Automotive Restoration for beginners
By Phil Storr

Removing paint and bog:

If the existing paint is sound you may like to leave it on and paint over it after the body repairs are done but usually the car has had a repaint or two in its history and the old paint will be soft or ready to peal off. Any cracking, crazing or crows feet in the surface indicate extensive use of spray putty and/or plastic filler in the past and this must be removed otherwise it will show through the new paint one day. At this stage the motto "the finished job is only as good as the preparation" is very true.

The extreme solution here is to take the car to a paint removal business and have it dipped in paint and rust remover. This is expensive and some people do not like the way all the internal protection materials are removed. This is not a problem if you take extensive precautions to make sure the blind box sections and hidden areas are re-protected before the project is finished.

The cheapest but time consuming answer is to use paint stripper and remove the old paint and bog layer by layer. Follow the instructions on the can and be careful to follow the safety guidelines, using protective clothing and eye protection. Paint stripper works faster the hotter the weather so do this stage is the hottest part of summer, it will cut down the effort required. Most paint stripper materials recommend putting the stripper on, leaving it for ten to thirty minutes and them scrape and scratch the blistered paint off. Repeat the process until all paint and bog is removed. You can make paint stripper more effective by covering it with plastic food wrap or even damp news paper, this stops it drying out before it has done its job.

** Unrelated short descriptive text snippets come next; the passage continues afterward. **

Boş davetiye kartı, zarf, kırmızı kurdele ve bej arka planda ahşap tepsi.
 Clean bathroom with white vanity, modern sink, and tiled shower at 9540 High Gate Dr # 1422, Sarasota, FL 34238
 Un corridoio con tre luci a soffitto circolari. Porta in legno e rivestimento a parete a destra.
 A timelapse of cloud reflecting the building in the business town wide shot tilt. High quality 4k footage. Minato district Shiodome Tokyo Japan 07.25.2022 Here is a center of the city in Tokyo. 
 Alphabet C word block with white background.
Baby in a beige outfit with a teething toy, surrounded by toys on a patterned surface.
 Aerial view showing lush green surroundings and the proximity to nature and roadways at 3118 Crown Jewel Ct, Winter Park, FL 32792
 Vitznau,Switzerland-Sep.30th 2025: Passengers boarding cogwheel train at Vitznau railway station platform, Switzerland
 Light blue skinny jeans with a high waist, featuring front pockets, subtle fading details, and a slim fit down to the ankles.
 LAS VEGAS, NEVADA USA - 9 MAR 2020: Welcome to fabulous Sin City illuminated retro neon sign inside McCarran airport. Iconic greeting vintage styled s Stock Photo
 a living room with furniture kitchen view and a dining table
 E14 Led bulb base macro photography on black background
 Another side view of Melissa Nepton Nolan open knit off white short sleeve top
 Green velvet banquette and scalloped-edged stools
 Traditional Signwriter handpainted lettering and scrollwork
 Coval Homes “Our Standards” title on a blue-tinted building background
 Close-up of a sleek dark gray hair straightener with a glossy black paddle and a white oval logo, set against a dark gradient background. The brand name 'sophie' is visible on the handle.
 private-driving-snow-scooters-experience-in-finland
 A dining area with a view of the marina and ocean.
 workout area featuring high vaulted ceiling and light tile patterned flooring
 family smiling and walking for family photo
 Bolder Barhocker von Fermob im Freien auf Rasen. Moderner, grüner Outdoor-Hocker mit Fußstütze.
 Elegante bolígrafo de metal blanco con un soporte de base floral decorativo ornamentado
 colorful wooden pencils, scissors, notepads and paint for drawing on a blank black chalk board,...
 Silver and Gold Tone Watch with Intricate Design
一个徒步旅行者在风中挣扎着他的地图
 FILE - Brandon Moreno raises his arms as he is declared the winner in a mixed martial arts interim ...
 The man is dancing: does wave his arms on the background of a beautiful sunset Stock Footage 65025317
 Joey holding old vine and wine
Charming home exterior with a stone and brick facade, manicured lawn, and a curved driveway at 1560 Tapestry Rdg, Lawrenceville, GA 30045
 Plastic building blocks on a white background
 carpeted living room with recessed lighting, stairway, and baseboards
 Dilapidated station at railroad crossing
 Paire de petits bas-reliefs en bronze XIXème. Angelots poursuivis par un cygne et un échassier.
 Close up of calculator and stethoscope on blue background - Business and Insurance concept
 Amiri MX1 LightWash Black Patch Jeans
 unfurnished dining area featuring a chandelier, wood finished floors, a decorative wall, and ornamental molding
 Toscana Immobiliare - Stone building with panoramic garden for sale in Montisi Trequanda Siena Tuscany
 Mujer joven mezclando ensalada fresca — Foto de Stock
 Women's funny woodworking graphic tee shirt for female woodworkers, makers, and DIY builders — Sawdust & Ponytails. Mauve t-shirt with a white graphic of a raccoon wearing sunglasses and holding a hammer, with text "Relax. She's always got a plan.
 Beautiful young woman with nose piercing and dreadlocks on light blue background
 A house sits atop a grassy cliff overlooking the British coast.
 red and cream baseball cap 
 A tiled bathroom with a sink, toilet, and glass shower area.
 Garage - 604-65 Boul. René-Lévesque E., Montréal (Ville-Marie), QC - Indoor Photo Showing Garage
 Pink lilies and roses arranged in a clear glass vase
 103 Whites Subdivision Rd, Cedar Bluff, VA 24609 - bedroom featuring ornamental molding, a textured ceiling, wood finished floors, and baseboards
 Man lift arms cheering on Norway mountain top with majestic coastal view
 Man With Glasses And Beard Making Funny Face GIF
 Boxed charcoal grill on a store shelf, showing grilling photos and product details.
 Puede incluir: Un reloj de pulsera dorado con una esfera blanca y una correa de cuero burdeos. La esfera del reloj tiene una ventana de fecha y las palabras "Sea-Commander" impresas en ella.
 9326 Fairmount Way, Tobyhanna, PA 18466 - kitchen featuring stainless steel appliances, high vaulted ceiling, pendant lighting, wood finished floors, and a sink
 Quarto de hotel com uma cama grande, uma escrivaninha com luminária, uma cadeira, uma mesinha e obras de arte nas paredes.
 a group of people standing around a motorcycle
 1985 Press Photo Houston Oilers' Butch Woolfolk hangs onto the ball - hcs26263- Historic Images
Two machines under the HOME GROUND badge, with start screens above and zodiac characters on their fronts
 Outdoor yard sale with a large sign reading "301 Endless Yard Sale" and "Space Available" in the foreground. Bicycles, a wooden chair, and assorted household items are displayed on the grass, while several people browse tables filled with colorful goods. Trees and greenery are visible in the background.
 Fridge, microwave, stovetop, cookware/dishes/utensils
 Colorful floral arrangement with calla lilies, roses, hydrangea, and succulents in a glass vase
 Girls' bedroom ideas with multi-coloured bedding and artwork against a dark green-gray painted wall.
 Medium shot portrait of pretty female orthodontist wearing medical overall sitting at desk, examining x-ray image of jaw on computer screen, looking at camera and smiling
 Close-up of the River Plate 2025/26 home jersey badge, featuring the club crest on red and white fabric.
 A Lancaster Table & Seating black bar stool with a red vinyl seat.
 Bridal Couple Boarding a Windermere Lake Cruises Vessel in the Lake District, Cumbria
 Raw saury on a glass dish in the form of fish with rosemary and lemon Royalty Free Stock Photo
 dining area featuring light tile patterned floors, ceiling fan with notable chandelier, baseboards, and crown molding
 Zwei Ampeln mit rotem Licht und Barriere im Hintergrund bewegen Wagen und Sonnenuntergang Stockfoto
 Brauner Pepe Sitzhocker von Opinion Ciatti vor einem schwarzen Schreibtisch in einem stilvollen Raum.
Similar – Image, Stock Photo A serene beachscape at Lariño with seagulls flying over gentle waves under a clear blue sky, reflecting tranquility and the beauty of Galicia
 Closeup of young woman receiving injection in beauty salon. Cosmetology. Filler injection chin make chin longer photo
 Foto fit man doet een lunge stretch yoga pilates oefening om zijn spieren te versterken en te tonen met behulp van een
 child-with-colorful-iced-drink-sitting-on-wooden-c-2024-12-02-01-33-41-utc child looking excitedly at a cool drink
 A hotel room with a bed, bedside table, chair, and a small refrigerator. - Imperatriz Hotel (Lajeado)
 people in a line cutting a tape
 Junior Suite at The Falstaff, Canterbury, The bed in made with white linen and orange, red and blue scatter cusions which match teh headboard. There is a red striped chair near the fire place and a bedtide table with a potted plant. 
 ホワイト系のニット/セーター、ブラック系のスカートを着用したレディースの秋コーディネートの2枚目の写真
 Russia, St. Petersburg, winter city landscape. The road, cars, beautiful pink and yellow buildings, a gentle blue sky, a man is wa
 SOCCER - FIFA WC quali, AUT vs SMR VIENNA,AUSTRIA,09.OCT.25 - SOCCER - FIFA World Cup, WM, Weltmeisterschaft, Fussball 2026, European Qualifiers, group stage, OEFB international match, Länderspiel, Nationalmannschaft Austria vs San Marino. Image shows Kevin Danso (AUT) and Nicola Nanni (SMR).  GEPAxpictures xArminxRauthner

Another easy way to strip paint is to have the whole vehicle sand or grit blasted. This technique has two problems. The metal is work hardened by the blasting making it more difficult to weld and metal finish, and thin or flat panels can be badly buckled by excessive blasting pressure. I have seen perfectly good bodies written off by over enthusiastic operators. Don't believe a promise "she'll be ok" we'll do it carefully.

Many panel shops take the quickest way out and grind the paint off with abrasive disks. This usually removes some metal and will buckle panels by heating the metal if the grinder is held in the same spot for too long. Although this looks a cheap way to remove paint the abrasive disks can add up to a significant cost.

My own technique is use a combination of the first two or three techniques. I have the removable panels dipped in paint and rust remover and strip the rest of the body with paint stripper. If the floor and other unseen areas are rusty, I may have them sand blasted or do it myself with a small portable sand blaster.